February 07, 2014
On Thursday, 6 February 2014 at 22:20:38 UTC, Dicebot wrote:
> On Thursday, 6 February 2014 at 22:18:10 UTC, Brad Anderson wrote:
>> You should probably validate utf from all foreign sources. Catch a problem with it as it comes in rather than in some arbitrary part of your program.
>>
>> http://dlang.org/phobos/std_utf.html#.validate
>
> pure @safe void validate(S)(in S str) if (isSomeString!S);
>
> Throws:
> UTFException if str is not well-formed.

And somewhere in the world, darkness fell forever on a bright and beautiful countryside.  The monsters poured forth and devoured everything in sight, given strength by that unbelievable abomination of a function design.
February 07, 2014
On Thursday, 6 February 2014 at 22:56:45 UTC, Adam D. Ruppe wrote:
> On Thursday, 6 February 2014 at 21:38:03 UTC, Dicebot wrote:
>> Any application that operates on some external user input will be subject to DoS attack vector if it uses Phobos directly.
>
> Hmm, I hadn't considered that. Maybe exceptions could be handled automatically though due to the facts that there are rarely more than one in flight at any time and they typically don't live for long:
> [snipped lengthy example]

I really like vibe.d.  A lot.  But the way HTTP parse errors are handled is a disaster.  Do you know what happened when I was testing vibe.d recently and I sent it a bad request?  It sent a stack trace as a responses.  A stack trace!  To a client!  I was speechless.  Needless to say, I don't support the idea of further enabling this design, regardless of whether it can be made a pinnacle of elegance.
February 07, 2014
On Friday, 7 February 2014 at 03:19:32 UTC, Sean Kelly wrote:
> It sent a stack trace as a responses.  A stack trace!  To a client!  I was speechless.

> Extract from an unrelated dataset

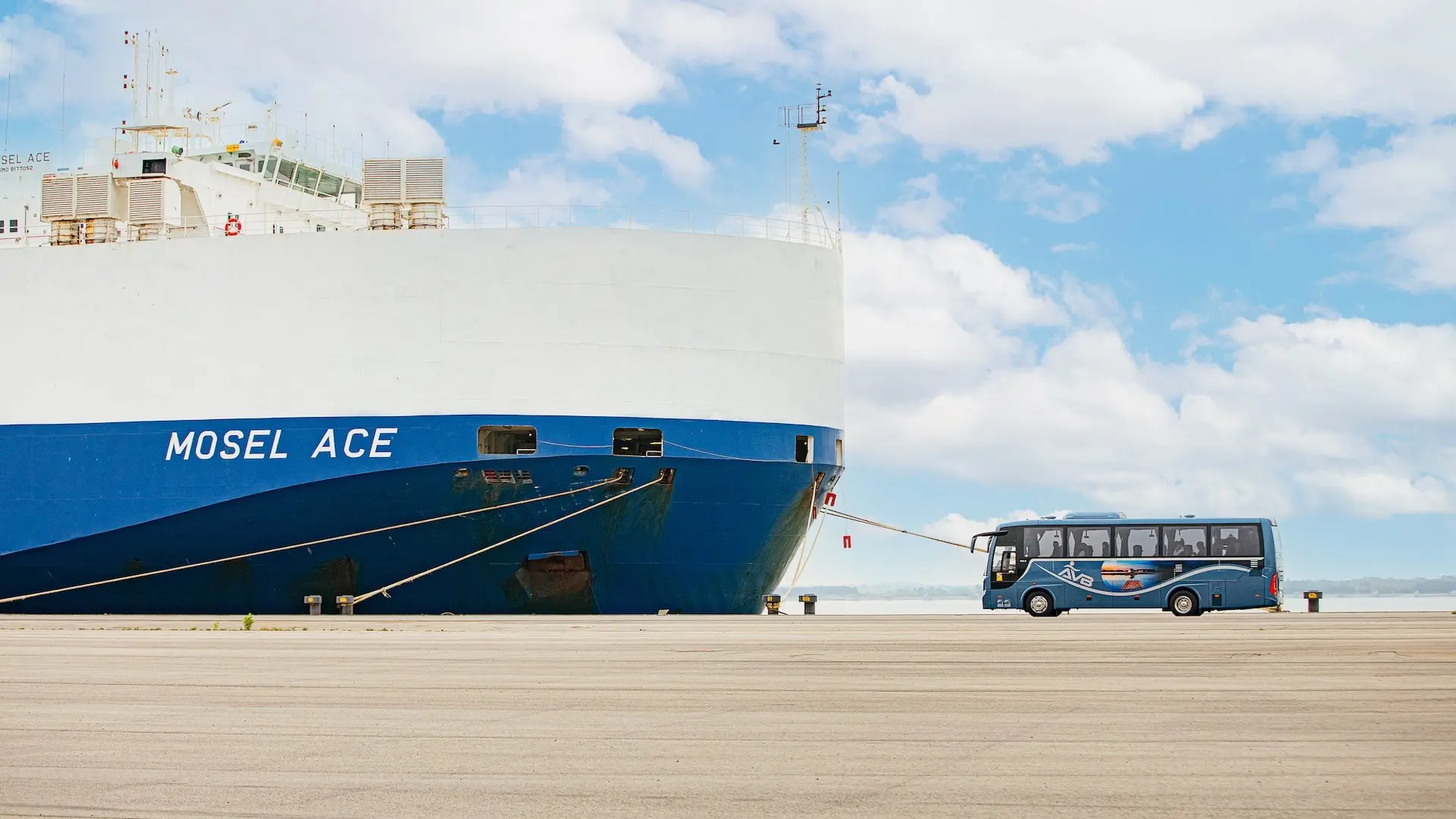 Visite du Grand Port Maritime de Saint-Nazaire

lol, my cgi.d will do that too if you compile with -debug.... I find it convenient at times. (It also sends it to stderr but when doing cgi apps, that means digging into the apache log which is a pain compared to just looking at the browser)
February 07, 2014
On Friday, 7 February 2014 at 03:14:45 UTC, Sean Kelly wrote:
> On Thursday, 6 February 2014 at 22:20:38 UTC, Dicebot wrote:
>> UTFException if str is not well-formed.
>
> unbelievable abomination of a function design.

Yeah, that is absurd. It is a bad, bad sign when almost every time you use a function, you write

bool ok = true;
try validate(s); catch(UTFException) ok = false;
if(!ok) {}

yet that's how i use validate...

fun fact, my little toy scripting language supports
var a = try foo();; // if foo throws, a == the exception object

but it's a toy scripting language, ugly crap is allowed there :)
February 07, 2014
On Friday, 7 February 2014 at 01:31:17 UTC, Ola Fosheim Grøstad wrote:
> On Friday, 7 February 2014 at 01:23:44 UTC, Walter Bright wrote:
>> Right. If you're:
>>
>> 1. using throws as control flow logic
> [...]
>> you're doing it wrong.
>
> I disagree.
>
> REST based web services tend to use throws all the time. It is a an effective and clean way to break all transactions that are in progress throughout the call chain when you cannot carry through a request, or if the request returns nothing.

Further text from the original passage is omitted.